Some aging men develop a condition of suppressed serum testosterone levels, which is associated with diffuse sexual, physical and psychological symptoms. Several terms are used for this syndrome, but late-onset hypogonadism (LOH) is preferred. The diagnosis of LOH is often uncertain because symptoms (occurring in 20–40% of men) and low circulating testosterone (found in 20% of men >70 years of age) seldom occur together. The strict diagnostic criteria for LOH include reproducibly low serum testosterone levels and sexual symptoms, including erectile dysfunction and reduced frequency of sexual thoughts and morning erections. Using these diagnostic criteria, only 2% of 40–80-year-old men have LOH. Obesity and impaired general health (including diabetes mellitus, cardiovascular and chronic obstructive pulmonary disease, and frailty) are more common reasons for low testosterone than advanced age per se.
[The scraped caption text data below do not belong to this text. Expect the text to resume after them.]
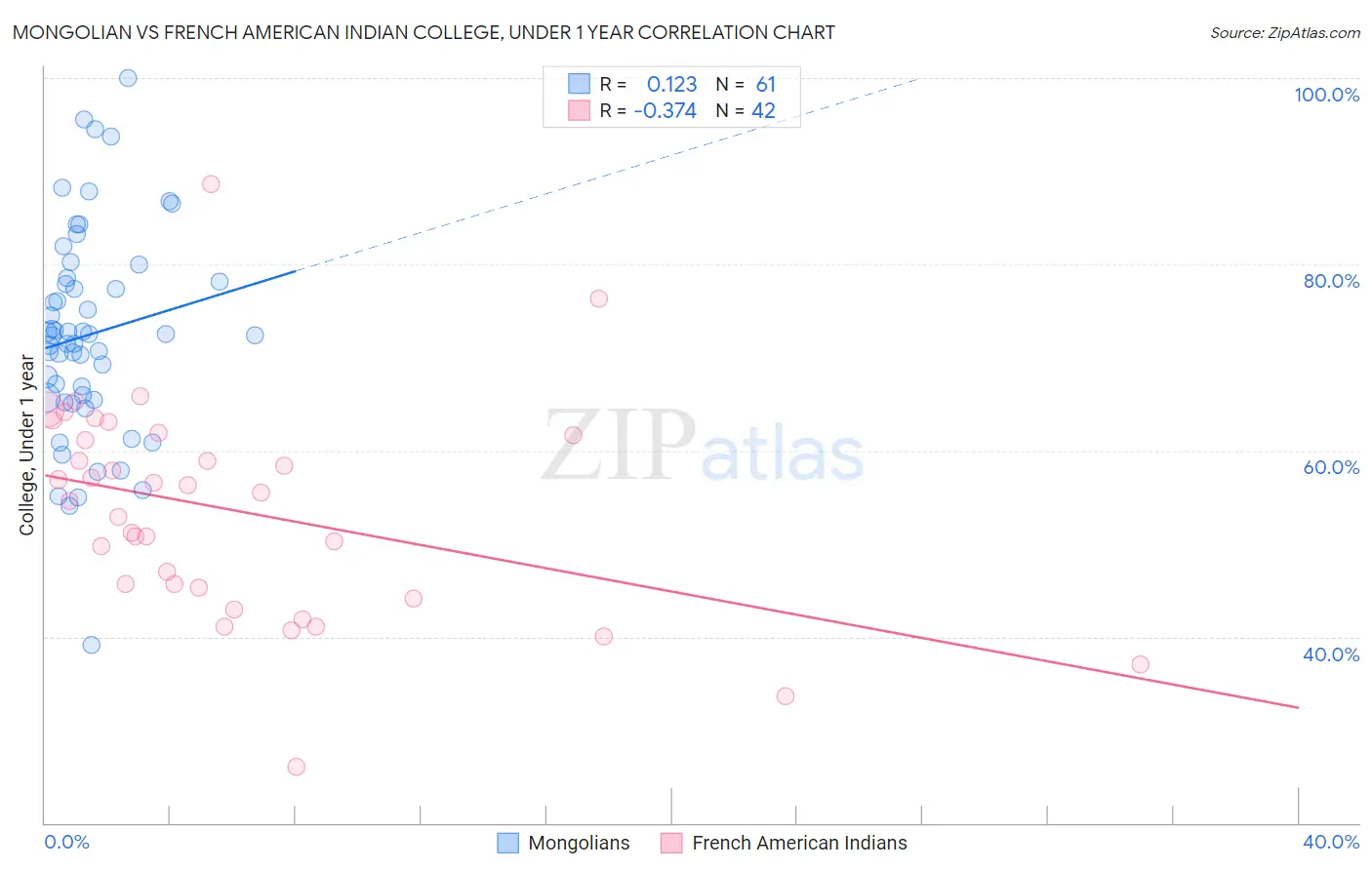Mongolian vs French American Indian College, Under 1 year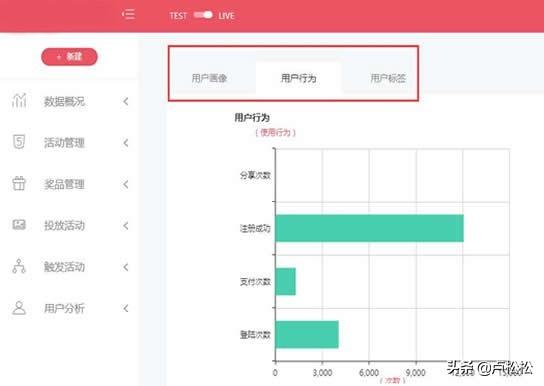 运营复苏术：金融产品怎么唤醒沉睡用户？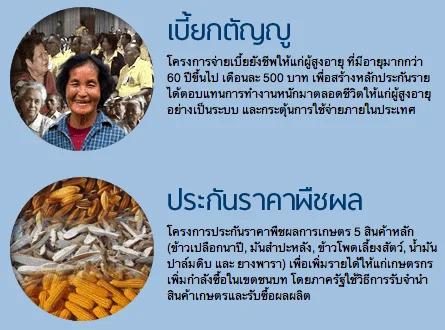 icon icon แบบมีรายละเอียดเยอะๆถูกใจรัฐบาล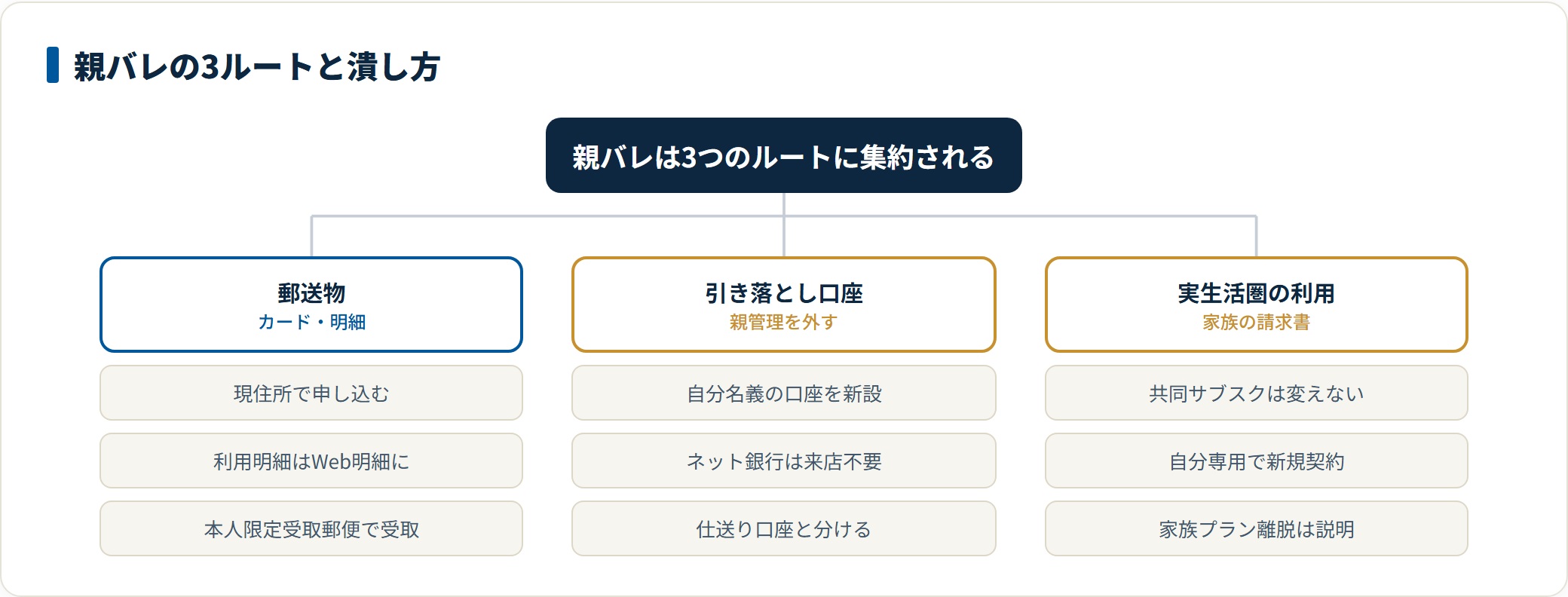 親バレのルートは郵送物・引き落とし口座・実生活圏の利用の3つで、Web明細化や本人限定受取郵便、自分名義口座の新設、共同サブスクを変えない運用で順に潰せることを示した分類図。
It seems logical, therefore, to begin by treating these conditions before testosterone replacement therapy is initiated. Even then, testosterone should only be used if there are no contraindications, such as unstable cardiac disease, serious prostate symptoms and high hemoglobin level. The long-term benefit of testosterone replacement therapy is uncertain, and the experimental nature of the treatment, and its associated risks, must be fully explained to the patient before treatment begins.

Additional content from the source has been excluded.